The Problem With Gridlock is You Can’t Threaten More Gridlock, John Boehner
If a party controls one house of Congress and decides to take a stand of total opposition to the President they can easily deny the White House any legislative victories. It can be a very effective tactic for making a President look weak. The big drawback of this strategy is that they also lose any leverage over executive actions.
When there is legislation moving there are always things to trade and points of leverage. There are elements you can threaten to withhold unless certain administrative changes are made. But if you are holding up everything by default there is nothing left to take away. You have already played all your cards.

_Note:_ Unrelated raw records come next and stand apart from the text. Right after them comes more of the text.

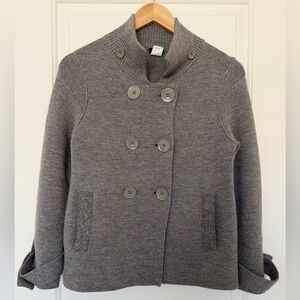 J.Crew Miranda Gray Wool Double-Breasted Peacoat Sweater Jacket Small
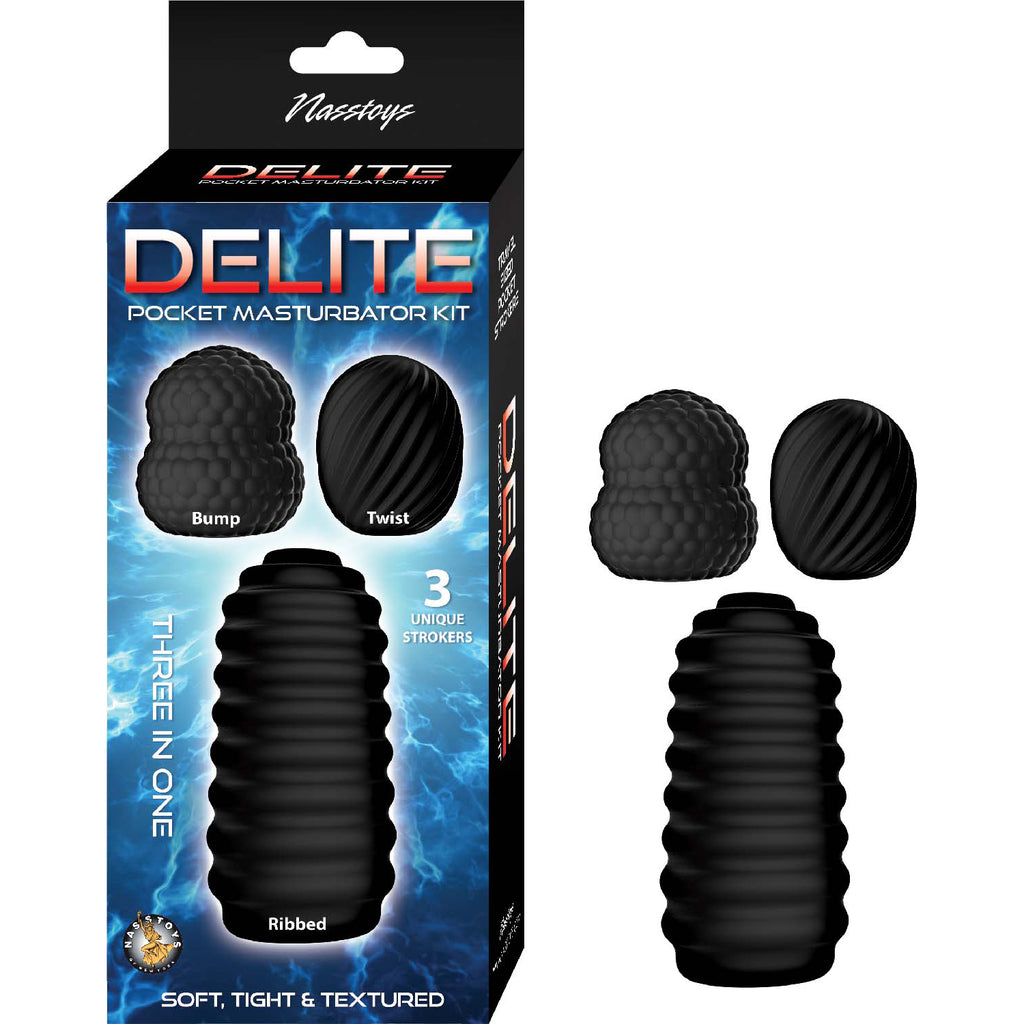 Delite Pocket Masturbator Kit Black Default Title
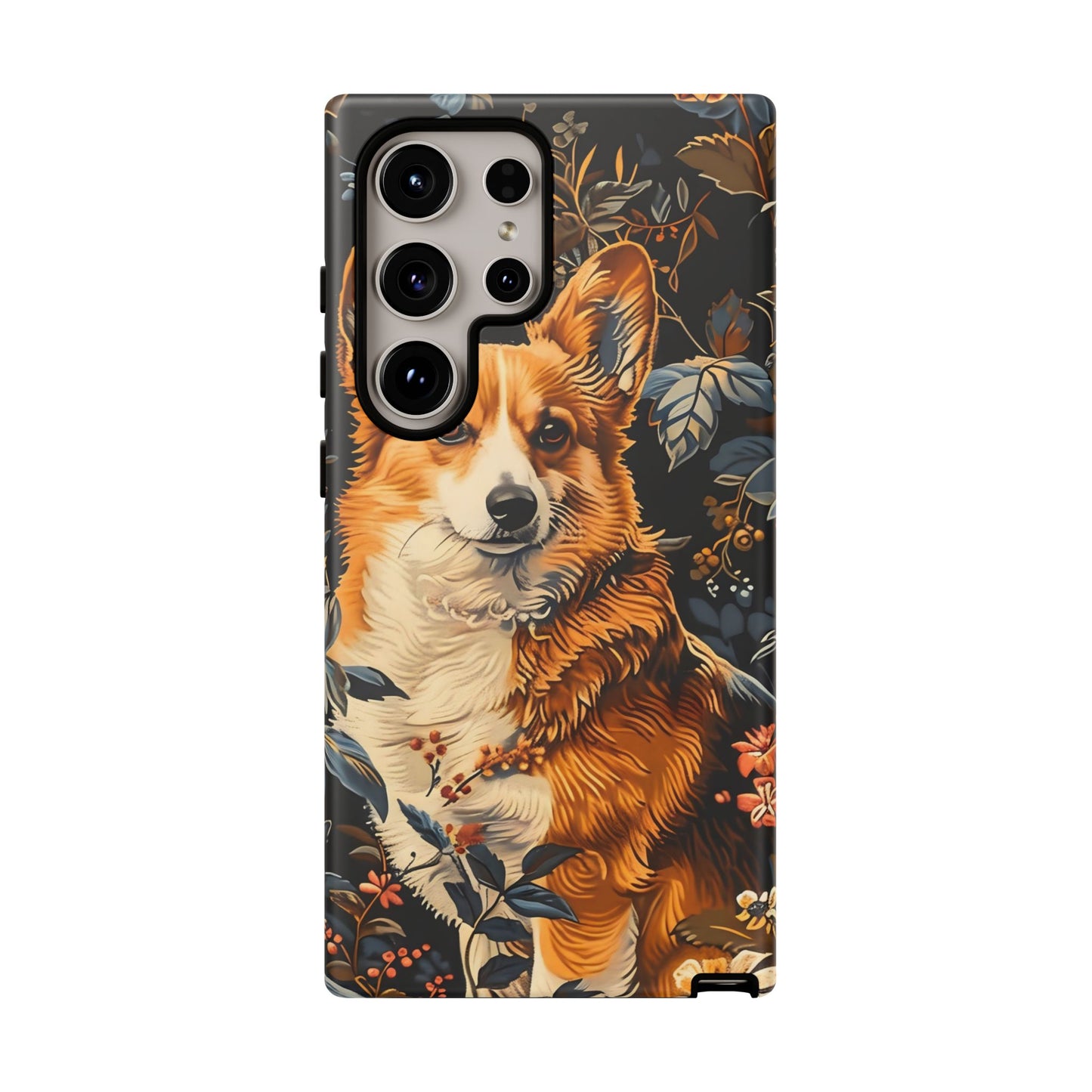 Corgi Floral Phone Case - Tough Cases for Dog Lovers, Cute Pet Accessories, Gift for Dog Owners, Floral Design, Personalized Tech Cover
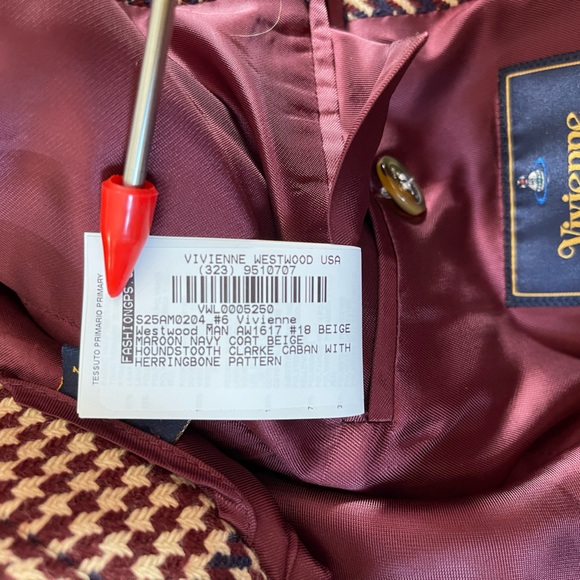 Vivienne Westwood MAN AW2016 COAT BEIGE HOUNDSTOOTH CLARKE CABAN W HERRINGBONE - Picture 17 of 17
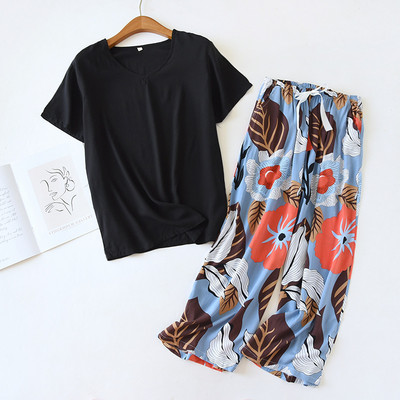 Kevad/suvi Uus 100% viskoosist pidžaamad naiste lühikeste varrukatega püksid Ööriided Ümarkaelusega pidžaamad Kaheosalised koduriided ööriided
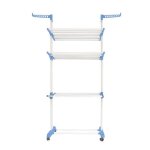 tendoir  linge sur pied 3 niveaux 170x64x126cm bleu / blanc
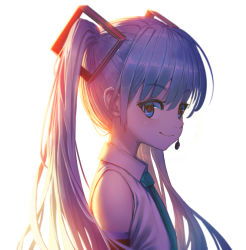 Rule 34 | 1girl, 39, aqua necktie, blue eyes, blue hair, closed mouth, detached sleeves, hatsune miku, headset, highres, long hair, looking at viewer, necktie, simple background, smile, solo, twintails, upper body, vocaloid, wakuwakumkg, white background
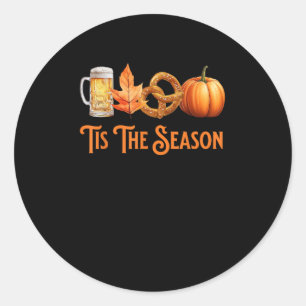 Tis The Season Pumpkin Beer Pretzel Fall Funny Okt Classic Round Sticker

House Republicans seem to be struggling with the realization that this state of powerlessness over the administration’s executive actions is a direct result of their own action — or inaction, as the case may be. For example you have Speaker John Boehner warning executive action on immigration would make a bill impossible to pass, but that is not much of a deterrent when the chances of a bill passing are incredibly remote anyway.
A party in Congress can work with the President and gain some leverage, or they can completely cut the White House off and be left with no power over executive action whatsoever.
The GOP has chosen the later and the Obama administration seems to have finally accepted this is not just some passing fever that will break. So we can expect the next few years in DC being mainly about the administration taking actions and Republicans left just trying to come up with clever new ways to complain about them.